Suffering the brunt of the ongoing El Niño, just over a week ago, some 6 thousand farmers assembled along a national highway in Kidapawan to demand 15,000 sacks of rice and financial subsidies promised to them six months earlier by the provincial government. In response, government officials offered a meager 3 kilos of rice for each farmer to last them for 3 months.
The protesters held their ground despite the threat of forcible dispersal from security forces. The three-day stand-off was broken on April 1 when forces of the Philippine National Police fired at the farmers leaving two farmers dead, hundreds injured and at least 70 arrested and detained.
"We cannot fight for climate justice without fundamental human rights protections for those most impacted. When violence is used to silence protest, democracy is placed under threat. The farmers in the Philippines struggle are a struggle for system change—not just climate change."
A severe food and water crisis is fast spreading in Mindanao and the rest of the Philippines in the wake of what scientists say maybe the most severe El Niño episode on record. Global warming and climate change has been generating not only super typhoons but also super-El Niños. The Philippine Atmospheric, Geophysical and Astronomical Services Administration (PAGASA) issued a warning early last year that there would be 34 provinces affected by El Niño by March 2016 and 68 provinces by April.
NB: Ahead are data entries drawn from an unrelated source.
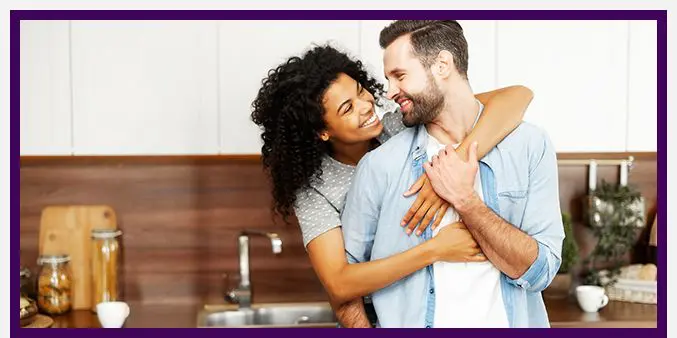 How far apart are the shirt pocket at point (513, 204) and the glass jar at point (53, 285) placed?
4.84 ft

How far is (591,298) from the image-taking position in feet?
7.72

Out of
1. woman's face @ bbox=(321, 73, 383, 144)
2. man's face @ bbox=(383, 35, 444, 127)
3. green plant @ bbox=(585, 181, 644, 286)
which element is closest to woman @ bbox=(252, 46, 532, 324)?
woman's face @ bbox=(321, 73, 383, 144)

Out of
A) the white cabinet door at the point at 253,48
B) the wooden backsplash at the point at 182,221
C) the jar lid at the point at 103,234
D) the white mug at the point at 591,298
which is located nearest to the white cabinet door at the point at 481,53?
the white cabinet door at the point at 253,48

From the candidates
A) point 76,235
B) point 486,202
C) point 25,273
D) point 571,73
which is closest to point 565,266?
point 571,73

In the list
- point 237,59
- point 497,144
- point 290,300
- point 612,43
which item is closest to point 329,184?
point 497,144

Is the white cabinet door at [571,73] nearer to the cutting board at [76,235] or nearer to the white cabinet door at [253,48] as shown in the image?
the white cabinet door at [253,48]

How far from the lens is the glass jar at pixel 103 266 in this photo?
8.14 feet

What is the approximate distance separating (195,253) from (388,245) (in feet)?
3.93

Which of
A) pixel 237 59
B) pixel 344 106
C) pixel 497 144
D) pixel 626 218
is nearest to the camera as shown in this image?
pixel 497 144

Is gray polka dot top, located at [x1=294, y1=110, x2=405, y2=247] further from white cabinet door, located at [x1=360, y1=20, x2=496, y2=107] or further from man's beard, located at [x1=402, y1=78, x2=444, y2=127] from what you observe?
white cabinet door, located at [x1=360, y1=20, x2=496, y2=107]

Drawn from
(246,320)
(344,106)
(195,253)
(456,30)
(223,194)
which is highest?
(456,30)

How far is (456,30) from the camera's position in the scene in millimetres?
1615

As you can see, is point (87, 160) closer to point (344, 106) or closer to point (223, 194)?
point (223, 194)

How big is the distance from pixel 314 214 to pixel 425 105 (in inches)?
14.1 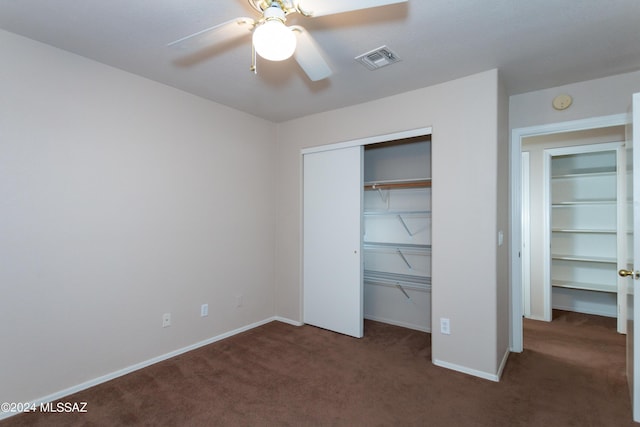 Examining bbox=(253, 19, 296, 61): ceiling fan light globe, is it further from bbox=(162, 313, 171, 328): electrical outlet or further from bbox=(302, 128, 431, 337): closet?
bbox=(162, 313, 171, 328): electrical outlet

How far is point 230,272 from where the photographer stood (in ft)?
11.2

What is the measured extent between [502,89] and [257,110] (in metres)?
2.37

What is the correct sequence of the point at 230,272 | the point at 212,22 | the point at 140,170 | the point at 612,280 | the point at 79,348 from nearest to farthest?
the point at 212,22, the point at 79,348, the point at 140,170, the point at 230,272, the point at 612,280

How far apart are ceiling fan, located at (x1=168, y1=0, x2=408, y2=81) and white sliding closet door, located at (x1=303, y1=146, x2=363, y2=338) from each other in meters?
1.73

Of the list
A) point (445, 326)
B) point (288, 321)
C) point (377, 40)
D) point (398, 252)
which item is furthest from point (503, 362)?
point (377, 40)

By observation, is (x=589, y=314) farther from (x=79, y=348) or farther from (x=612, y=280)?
(x=79, y=348)

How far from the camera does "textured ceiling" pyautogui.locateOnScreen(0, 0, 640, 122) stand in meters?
1.78

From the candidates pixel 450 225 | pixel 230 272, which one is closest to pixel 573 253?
pixel 450 225

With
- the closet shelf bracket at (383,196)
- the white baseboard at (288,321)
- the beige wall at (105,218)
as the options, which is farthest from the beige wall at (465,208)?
the beige wall at (105,218)

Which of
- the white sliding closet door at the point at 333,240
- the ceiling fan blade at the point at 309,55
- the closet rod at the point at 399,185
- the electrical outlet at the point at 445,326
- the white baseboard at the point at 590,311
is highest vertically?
the ceiling fan blade at the point at 309,55

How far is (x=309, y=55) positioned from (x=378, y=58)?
0.77 meters

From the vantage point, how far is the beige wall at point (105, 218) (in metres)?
2.08

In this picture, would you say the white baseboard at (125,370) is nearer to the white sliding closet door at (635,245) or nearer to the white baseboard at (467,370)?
the white baseboard at (467,370)

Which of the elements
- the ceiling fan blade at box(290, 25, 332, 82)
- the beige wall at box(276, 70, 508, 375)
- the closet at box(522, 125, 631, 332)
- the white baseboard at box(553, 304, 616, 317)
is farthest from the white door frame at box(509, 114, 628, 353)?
the ceiling fan blade at box(290, 25, 332, 82) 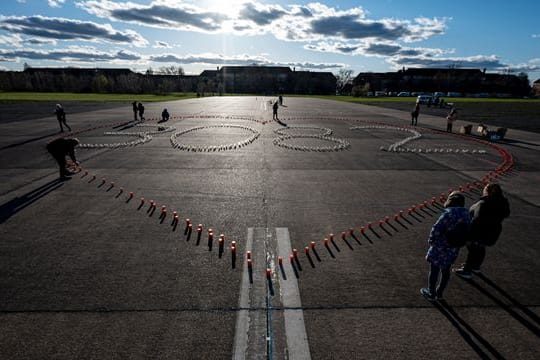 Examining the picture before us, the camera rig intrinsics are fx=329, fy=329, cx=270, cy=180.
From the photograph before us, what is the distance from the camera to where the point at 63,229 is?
9.25 m

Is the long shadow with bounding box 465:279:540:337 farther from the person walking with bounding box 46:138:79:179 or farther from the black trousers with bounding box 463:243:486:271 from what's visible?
the person walking with bounding box 46:138:79:179

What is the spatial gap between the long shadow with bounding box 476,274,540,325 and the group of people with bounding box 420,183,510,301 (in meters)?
0.29

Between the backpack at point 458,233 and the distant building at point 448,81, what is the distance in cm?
14555

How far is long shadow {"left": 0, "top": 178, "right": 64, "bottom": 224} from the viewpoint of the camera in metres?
10.4

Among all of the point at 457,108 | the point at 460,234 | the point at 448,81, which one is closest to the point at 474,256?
the point at 460,234

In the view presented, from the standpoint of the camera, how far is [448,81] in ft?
518

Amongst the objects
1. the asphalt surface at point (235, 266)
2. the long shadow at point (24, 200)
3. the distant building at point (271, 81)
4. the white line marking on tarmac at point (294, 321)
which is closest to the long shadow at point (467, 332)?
the asphalt surface at point (235, 266)

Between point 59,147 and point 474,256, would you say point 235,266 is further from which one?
point 59,147

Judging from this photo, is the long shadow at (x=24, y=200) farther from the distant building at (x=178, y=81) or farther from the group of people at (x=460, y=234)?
the distant building at (x=178, y=81)

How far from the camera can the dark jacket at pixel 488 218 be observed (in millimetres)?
6617

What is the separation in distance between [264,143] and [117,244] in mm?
15878

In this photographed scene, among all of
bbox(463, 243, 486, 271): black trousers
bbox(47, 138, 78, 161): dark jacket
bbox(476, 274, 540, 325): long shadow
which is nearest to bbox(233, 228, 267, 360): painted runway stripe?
bbox(463, 243, 486, 271): black trousers

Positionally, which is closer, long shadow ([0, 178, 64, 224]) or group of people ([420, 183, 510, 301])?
group of people ([420, 183, 510, 301])

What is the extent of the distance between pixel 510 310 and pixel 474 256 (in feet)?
4.36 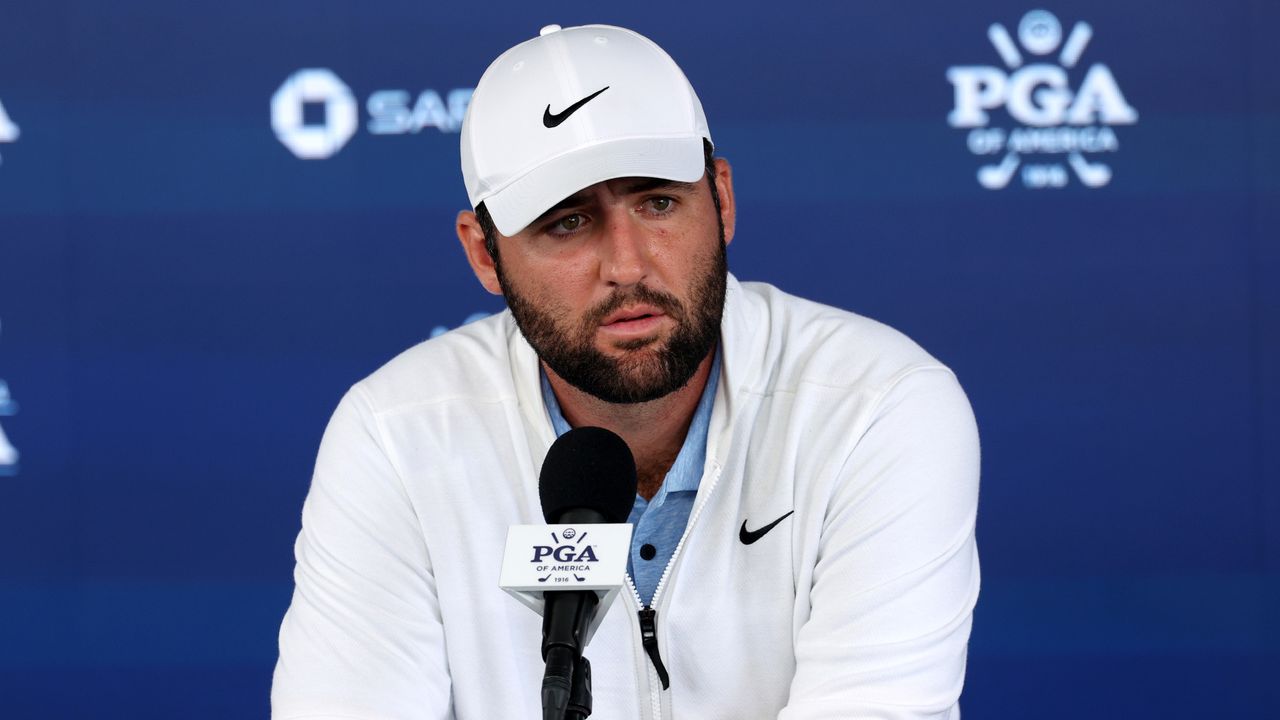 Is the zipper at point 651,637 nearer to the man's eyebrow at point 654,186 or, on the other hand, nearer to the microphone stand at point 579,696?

It is expected to peak between May and June or until the onset of the rainy season later this year. Some towns in North Cotabato have been categorised as in a state of ‘calamity’ since April 2015 whilst the entire North Cotabato was declared a state of calamity in January 2016.
The Mindanao farmers and indigenous peoples communities would have been in a stronger position to weather the effects of El Niño if their watersheds and water systems had not been damaged. The provinces badly hit by El Niño to date have one thing in common – most of their watersheds are severely compromised due to unregulated expansion of agribusiness plantations, mining operations and coal fired power plants.
The majority of the Philippine population is comprised of farmers who remain landless. In practice this means that they are getting an unjust share from their agricultural yields. Landlords and businesses control their inputs of production with high interest rates. Services that should be provided by the government for the farmers are being privatized such as the irrigation systems which come with extra fees to the farmers. This, compounded with the absence of a genuine agrarian reform program, leaves the farmers with low income and high debts. The prevalent set-up between the farmers and landlords has made it even harder for the struggling farmers to prepare and respond to the climate crisis.
Despite this the government has shown no urgency to respond to the imminent concern of the farmers. The farmers are now suffering from intense hunger and an immediate solution is necessary in the form of food aid. Unfortunately as a consequence of the local government’s ineptitude, these farmers were instead dealt violence rather than the support they so desperately need.
State terror and violence, as a response to disasters, is a reflection of the government’s criminal negligence towards the farmers. On the surface level, it illustrates the government’s unpreparedness and underestimation of the scale and urgency of the climate crisis that can still be evident in post-Haiyan stricken communities. Historically, our presidents come from families of big landlords who own the biggest industries in the country. Decision making in government therefore often favors their own interest. Our farmers have been demanding a genuine agrarian reform for more than two decades.
We cannot fight for climate justice without fundamental human rights protections for those most impacted. When violence is used to silence protest, democracy is placed under threat. The farmers in the Philippines struggle are a struggle for system change—not just climate change.
Our response is not to bow down, but to carry on building our numbers, standing strong as a unified movement. We continue to join and witness the undying strength of People Surge, a network of Haiyan survivors demanding for accountability and justice to the government. We saw the continued resolve from people at the Climate Walk last autumn in a 40-day, 875 KM journey from Manila to Tacloban City. Our base on the ground is growing in strength. Today we stand unified still. In May, we will be mobilizing yet again, together with many others from the global climate movement to “Break Free” from fossil fuels. These tragic events, illustrate how breaking free from the violence and destruction of extractive industries is more urgently needed than ever.